Aside from that however, things are doing well. The corn survived the windstorm with only one accident – the tallest was broken, but seems to still be alive so I am hoping it will germinate and produce some ears regardless of its hunched over appearance. Additionally the tomato plants, while completely out of their cages, seem to be setting fruit and doing nicely. The green beans are producing in a somewhat mind boggling quantity and every time I go out to pick beans, which is daily, I find ones hiding that are near mutant size.

All of this abundance has resulted in regular blanching and freezing of beans, and while zucchini bread has been made more than once…or even thrice…I am trying a different way of storing the zukes today.
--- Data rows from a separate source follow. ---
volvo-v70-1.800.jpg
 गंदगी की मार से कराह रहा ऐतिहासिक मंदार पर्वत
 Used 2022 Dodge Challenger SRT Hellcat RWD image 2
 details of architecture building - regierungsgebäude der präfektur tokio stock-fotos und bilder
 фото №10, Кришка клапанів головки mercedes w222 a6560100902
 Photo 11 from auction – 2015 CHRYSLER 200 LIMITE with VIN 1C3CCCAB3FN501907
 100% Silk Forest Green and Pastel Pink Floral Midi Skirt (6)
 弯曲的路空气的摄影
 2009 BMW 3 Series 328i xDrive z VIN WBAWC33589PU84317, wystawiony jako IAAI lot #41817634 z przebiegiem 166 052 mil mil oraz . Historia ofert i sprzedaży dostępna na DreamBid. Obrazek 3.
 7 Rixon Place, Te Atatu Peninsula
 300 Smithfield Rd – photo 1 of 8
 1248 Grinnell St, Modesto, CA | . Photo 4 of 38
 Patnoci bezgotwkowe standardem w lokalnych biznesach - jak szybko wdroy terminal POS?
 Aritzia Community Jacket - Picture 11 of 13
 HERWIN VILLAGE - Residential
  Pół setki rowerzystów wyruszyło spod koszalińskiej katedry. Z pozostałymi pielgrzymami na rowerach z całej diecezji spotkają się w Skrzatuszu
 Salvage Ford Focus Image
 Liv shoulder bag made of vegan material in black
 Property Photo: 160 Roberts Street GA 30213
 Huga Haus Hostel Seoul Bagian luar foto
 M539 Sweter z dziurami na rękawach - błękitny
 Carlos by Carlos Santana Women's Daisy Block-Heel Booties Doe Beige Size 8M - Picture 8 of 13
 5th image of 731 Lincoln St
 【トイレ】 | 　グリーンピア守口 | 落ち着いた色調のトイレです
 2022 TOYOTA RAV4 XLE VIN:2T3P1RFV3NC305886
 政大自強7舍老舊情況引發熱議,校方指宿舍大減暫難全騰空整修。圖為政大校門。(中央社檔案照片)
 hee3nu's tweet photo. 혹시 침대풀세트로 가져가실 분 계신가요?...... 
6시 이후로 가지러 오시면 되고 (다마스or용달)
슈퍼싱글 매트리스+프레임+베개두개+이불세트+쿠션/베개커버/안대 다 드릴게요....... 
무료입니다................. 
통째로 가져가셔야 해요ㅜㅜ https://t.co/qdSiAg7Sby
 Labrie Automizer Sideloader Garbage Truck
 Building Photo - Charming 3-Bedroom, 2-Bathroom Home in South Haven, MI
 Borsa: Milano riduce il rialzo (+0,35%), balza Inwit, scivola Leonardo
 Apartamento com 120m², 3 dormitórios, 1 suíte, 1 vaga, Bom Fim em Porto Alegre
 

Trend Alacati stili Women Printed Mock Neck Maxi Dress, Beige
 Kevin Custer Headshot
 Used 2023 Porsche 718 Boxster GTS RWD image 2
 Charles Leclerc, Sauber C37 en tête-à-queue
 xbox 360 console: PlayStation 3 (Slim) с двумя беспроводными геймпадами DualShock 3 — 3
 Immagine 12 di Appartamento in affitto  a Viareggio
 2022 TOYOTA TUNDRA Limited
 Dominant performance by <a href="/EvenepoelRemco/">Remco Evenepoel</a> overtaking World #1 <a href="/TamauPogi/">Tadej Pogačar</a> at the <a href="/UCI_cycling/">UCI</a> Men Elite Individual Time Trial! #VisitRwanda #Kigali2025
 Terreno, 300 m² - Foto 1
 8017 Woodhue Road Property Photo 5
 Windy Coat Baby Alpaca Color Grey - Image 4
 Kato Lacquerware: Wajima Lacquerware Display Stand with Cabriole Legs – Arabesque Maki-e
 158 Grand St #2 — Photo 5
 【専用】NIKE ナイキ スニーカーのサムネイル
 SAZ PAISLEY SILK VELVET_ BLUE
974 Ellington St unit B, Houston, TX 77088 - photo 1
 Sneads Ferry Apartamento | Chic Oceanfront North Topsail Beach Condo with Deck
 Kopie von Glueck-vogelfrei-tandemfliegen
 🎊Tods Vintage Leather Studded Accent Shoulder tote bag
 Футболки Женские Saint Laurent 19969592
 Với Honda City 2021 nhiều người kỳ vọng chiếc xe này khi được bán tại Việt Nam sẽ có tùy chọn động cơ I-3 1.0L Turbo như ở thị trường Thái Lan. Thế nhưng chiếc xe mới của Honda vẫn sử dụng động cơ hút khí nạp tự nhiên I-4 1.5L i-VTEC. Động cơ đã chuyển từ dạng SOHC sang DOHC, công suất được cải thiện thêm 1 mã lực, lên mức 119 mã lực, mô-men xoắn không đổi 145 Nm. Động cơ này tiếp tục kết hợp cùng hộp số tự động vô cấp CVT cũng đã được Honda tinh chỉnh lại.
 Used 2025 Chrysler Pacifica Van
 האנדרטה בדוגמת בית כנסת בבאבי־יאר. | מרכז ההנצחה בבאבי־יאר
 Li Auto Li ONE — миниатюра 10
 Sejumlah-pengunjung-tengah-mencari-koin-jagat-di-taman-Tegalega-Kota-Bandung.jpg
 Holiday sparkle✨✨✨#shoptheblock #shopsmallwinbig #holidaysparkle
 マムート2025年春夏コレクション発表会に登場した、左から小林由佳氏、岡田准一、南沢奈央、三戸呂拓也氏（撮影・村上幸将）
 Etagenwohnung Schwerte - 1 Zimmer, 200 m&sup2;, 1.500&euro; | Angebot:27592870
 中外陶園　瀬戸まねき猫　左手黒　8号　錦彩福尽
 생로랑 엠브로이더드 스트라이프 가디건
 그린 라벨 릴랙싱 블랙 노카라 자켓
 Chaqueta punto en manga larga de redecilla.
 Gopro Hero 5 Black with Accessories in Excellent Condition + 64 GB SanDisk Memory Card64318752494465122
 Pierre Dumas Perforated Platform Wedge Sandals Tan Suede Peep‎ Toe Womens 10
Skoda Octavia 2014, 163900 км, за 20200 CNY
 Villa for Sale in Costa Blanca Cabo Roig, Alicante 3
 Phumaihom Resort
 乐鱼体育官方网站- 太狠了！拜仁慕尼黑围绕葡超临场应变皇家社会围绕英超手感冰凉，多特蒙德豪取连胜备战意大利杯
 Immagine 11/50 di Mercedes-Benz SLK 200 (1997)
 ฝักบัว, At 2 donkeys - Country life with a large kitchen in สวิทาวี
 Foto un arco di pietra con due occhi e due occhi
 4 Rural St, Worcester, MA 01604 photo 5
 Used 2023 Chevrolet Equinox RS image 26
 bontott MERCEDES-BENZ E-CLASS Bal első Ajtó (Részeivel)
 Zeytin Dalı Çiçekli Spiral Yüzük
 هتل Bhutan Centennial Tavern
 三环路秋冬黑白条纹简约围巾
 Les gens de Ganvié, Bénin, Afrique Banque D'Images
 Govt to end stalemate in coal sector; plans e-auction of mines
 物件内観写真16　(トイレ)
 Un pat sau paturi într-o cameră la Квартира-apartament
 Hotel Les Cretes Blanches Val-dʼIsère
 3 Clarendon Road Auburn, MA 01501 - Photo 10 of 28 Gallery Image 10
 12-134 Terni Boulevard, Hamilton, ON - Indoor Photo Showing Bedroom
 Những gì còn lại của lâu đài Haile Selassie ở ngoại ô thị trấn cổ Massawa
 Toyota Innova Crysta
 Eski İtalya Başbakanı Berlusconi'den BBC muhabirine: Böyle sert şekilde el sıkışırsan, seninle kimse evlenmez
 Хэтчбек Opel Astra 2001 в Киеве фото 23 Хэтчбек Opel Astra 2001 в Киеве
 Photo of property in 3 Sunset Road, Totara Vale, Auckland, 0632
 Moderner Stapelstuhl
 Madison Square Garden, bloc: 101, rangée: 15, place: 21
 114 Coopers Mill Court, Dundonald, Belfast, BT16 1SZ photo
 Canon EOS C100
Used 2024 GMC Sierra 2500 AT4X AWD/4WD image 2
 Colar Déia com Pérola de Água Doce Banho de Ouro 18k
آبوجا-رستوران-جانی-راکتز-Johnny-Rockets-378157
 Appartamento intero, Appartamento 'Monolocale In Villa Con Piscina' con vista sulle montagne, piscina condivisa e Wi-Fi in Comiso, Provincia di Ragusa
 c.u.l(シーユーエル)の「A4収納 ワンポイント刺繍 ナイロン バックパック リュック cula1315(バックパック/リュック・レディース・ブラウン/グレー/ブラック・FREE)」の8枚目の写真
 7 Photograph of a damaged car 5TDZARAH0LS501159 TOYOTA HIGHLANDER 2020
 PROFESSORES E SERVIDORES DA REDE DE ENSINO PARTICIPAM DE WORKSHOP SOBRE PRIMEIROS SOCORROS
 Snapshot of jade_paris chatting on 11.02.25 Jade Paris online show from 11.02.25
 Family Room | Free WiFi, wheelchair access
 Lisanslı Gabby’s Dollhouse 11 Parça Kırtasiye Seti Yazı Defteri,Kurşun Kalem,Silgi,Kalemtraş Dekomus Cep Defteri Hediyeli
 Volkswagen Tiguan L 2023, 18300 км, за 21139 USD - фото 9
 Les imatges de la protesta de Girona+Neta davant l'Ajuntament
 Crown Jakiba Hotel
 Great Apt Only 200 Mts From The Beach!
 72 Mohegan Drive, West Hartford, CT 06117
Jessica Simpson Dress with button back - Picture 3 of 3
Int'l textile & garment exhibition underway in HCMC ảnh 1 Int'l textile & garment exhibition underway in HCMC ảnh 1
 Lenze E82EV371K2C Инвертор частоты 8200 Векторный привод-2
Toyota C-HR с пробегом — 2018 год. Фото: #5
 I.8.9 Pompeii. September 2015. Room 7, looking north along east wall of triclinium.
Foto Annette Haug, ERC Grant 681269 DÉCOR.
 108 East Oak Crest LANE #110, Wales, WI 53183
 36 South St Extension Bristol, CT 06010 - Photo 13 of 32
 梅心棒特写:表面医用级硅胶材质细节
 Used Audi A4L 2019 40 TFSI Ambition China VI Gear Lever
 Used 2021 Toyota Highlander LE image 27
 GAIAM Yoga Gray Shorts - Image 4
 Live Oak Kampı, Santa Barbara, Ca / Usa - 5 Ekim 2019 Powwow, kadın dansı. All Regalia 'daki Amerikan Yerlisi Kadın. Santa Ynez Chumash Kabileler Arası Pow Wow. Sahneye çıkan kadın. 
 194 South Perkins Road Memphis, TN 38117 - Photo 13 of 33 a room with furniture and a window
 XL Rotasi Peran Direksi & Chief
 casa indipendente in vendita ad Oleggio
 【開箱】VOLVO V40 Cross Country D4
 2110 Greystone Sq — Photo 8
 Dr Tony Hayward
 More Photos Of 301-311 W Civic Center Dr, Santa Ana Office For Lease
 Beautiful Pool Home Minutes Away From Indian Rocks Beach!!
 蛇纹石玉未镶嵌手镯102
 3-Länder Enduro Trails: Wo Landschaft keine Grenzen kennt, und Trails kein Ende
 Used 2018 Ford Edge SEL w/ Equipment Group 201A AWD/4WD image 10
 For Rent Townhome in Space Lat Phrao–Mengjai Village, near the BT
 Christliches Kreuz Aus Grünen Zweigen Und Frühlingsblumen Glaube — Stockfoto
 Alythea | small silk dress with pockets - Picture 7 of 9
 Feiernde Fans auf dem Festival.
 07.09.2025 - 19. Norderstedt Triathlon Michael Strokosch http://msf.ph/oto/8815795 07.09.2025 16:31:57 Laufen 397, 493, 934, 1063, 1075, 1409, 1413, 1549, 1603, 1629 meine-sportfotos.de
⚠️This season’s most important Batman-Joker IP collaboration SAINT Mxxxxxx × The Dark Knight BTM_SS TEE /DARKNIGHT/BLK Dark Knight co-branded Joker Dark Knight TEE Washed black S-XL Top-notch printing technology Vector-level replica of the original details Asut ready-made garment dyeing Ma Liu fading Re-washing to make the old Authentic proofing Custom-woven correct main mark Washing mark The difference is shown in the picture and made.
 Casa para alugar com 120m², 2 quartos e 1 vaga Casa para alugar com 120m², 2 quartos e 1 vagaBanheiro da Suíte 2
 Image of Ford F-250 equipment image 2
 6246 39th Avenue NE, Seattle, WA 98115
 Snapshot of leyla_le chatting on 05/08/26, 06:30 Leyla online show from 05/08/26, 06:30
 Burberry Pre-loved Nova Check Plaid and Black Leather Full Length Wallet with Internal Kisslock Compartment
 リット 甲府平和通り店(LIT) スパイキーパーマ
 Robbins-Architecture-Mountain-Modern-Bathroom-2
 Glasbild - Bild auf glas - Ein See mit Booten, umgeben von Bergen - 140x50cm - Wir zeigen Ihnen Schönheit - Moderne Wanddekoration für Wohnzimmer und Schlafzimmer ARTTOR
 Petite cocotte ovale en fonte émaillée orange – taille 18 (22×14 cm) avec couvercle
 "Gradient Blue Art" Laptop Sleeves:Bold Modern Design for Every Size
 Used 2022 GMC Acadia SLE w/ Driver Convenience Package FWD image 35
I am hoping to dry slices and then put those up for future use in soups and stews this winter. They would add great flavor to stocks and it seems like a better use for them than bread, mostly because I hate baking when it is this hot out.

Although it should be noted that since I don’t have a dehydrator, I will be drying the zucchini in the oven. However, instead of having it on at 350 degrees for an hour, it will be on at 175 degrees for an hour which I suspect will make a significant difference.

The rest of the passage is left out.